I do have to go in to feed them today. My next hive will have an exterior feeder so I don't have to go in and disturb them. 

My husband and I will be starting to build a new tbh soon. I'm not sure I even want to have mesh bottom. There are so many conflicting opinions out there. I lean towards not having the mesh, since that's the way they do it in nature anyway.

ohmmmmmmmm
breathe.....
thanks again Adam....


----------



## ♥Faerie♥ (May 16, 2011)

I looked inside my window yesterday, and it seems they are building all the combs in the middle of the hive? I have an end entrance, and the combs start around the 8th or 9th bar back. Is this ok? Should I go in and move them forward a few bars or leave them alone? One other question, I noticed that they had started to attach some of the comb to the observation window. How do you go about dis-attaching this when you want to pull a bar for inspection or harvest? This is my first year at this, so learning as I go, thanks everyone!


----------



## garden angel (Jun 5, 2011)

Faerie,
I'm a newbee, so take what I say with that in mind. Last week my hive was in the exact condition (8 comb built in the middle of the hive). I was told by some experienced tbh keepers to move them in order to the front of the hive. I'd love to hear others opinion of this. I went in and just took the first on they built and put it in the front and sequentially put the rest of them in order behind it. NEWBEE for sure.... I know a little more today than yesterday....only a teensy bit.


----------



## Adam Foster Collins (Nov 4, 2009)

Faerie,

If the combs are straight and easy to move, I would move them closer to the door. Leave one empty bar between the door end wall and the first comb, to allow them to make a comb there with the right space near the wall - or not build one at all.

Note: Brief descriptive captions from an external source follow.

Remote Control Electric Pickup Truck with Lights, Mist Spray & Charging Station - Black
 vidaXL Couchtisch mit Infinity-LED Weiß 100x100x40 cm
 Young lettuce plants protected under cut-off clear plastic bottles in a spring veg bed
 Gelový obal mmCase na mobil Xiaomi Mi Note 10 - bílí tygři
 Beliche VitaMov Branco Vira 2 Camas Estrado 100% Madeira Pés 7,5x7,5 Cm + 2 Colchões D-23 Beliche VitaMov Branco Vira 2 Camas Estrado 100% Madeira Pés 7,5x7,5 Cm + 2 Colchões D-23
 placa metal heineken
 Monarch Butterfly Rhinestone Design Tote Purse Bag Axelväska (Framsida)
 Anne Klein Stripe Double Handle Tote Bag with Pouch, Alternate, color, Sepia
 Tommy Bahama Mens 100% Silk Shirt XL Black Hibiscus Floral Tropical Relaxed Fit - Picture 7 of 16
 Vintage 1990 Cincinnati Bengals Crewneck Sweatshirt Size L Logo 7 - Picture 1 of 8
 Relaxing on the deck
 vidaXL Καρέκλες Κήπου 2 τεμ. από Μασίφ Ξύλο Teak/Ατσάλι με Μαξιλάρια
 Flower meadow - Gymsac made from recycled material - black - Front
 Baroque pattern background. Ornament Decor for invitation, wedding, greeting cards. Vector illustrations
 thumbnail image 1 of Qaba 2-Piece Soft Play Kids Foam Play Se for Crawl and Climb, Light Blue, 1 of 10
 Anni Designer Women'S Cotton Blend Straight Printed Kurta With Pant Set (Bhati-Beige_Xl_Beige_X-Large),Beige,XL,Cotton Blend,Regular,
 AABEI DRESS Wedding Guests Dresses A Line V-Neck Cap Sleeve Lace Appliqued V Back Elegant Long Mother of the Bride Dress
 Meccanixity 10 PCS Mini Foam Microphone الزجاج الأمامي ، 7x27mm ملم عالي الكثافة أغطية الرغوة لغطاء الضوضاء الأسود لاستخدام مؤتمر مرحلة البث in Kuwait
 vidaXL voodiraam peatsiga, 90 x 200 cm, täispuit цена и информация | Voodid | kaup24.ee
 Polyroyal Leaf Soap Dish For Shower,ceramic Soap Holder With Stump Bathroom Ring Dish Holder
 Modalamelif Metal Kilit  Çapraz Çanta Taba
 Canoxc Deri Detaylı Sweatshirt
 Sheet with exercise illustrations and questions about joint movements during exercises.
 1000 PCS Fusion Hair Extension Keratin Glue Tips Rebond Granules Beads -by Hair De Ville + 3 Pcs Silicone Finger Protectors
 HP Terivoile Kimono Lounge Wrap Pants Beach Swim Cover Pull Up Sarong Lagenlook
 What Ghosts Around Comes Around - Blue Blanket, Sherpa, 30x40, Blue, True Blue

You don't HAVE to move them, and they will be fine. But they tend to locate the nest near the door, so it's likely that they'll move that way gradually if you leave them. That means backfilling those middle combs with honey later. This means you will eventually have honey in combs with cocoons left in them, which is no good for comb honey (if you take it for yourself). You could still crush and strain it. But it also means that the bees are located at one end and can move from there in one direction to stores during the winter.

If you move them, they will expand the nest until they're happy with it and then start storing full bars of honey on new white comb. It keeps it all nicely separate, and nice for harvesting comb honey later if you choose to do so.

It's a choice, not a panic. If the bees are building straight, you're doing great. Things are relatively easy to manipulate with straight comb.

You need to select/make a hive tool. DeeAnna uses a long, cake knife. I use a modified bbq "flipper", others use a long serrated knife. You make that call. It should be long enough to reach in far enough to cut comb attachments loose when you are inspecting. As you go along, you run the knife down the sides of each comb to make sure it's free before you lift it.

As the summer wears on and the combs get heavy, the bees will increase the amount they attach; mostly in the top few inches. It's a structural necessity, and not a worry.

Good to see new people taking it up. Remember, TBH's are not "better for the bees" in themselves. That's a question of how you manage them. Langstroth beekeepers are your friends, and there are a lot more of them to share knowledge with you. Most of which applies just fine to a TBH - because most issues are related more to bee behavior than they are to hive type. There are too many newbee TBH keepers alienating themselves by touting the top bars as "better" or "more natural". Not that you are, it's just a general observation.

Most of us are way too inexperienced to know what is better and what isn't. That's my 2 cents. Take it or leave it.

Have fun, and stay open. The bee is a miracle. 

Adam


----------



## ♥Faerie♥ (May 16, 2011)

Thanks so much Garden Angel and Adam, like I said, I am a first year here, and learning as I go being that I have no one close that can guide me. I may go in this afternoon and more them forward a bit, just since I am such a novice, that it may help me to better keep an eye on brood comb and honey stores. All the combs I have seen are perfectly straight, so I am excited they are doing well that way... Thanks again for the advice, this will definitely not be the last question I ask, I have many many more!


----------



## Adam Foster Collins (Nov 4, 2009)

♥Faerie♥;670052 said:


> ...this will definitely not be the last question I ask, I have many many more!


You and me both!

Adam


----------



## blist (Jun 15, 2010)

garden angel said:


> Adam, thank you for your calming message. I DO need to take a breath and remember how fortunate I am my bees are still here, foraging in my garden and they're working so hard doing their job! Thanks for that reminder.
> 
> I'll be looking for 1/8 inch mesh to overlay on top of the 1/4 inch mesh, just so they'll stop going under it. Right now, my bees are happily learning the new entry. I was able to look inside the observation window this morning and all is well! Phew....
> 
> ...


I am in super hot zone (south Texas) and didn't use a mesh bottom...one entrance on end (bottom).


----------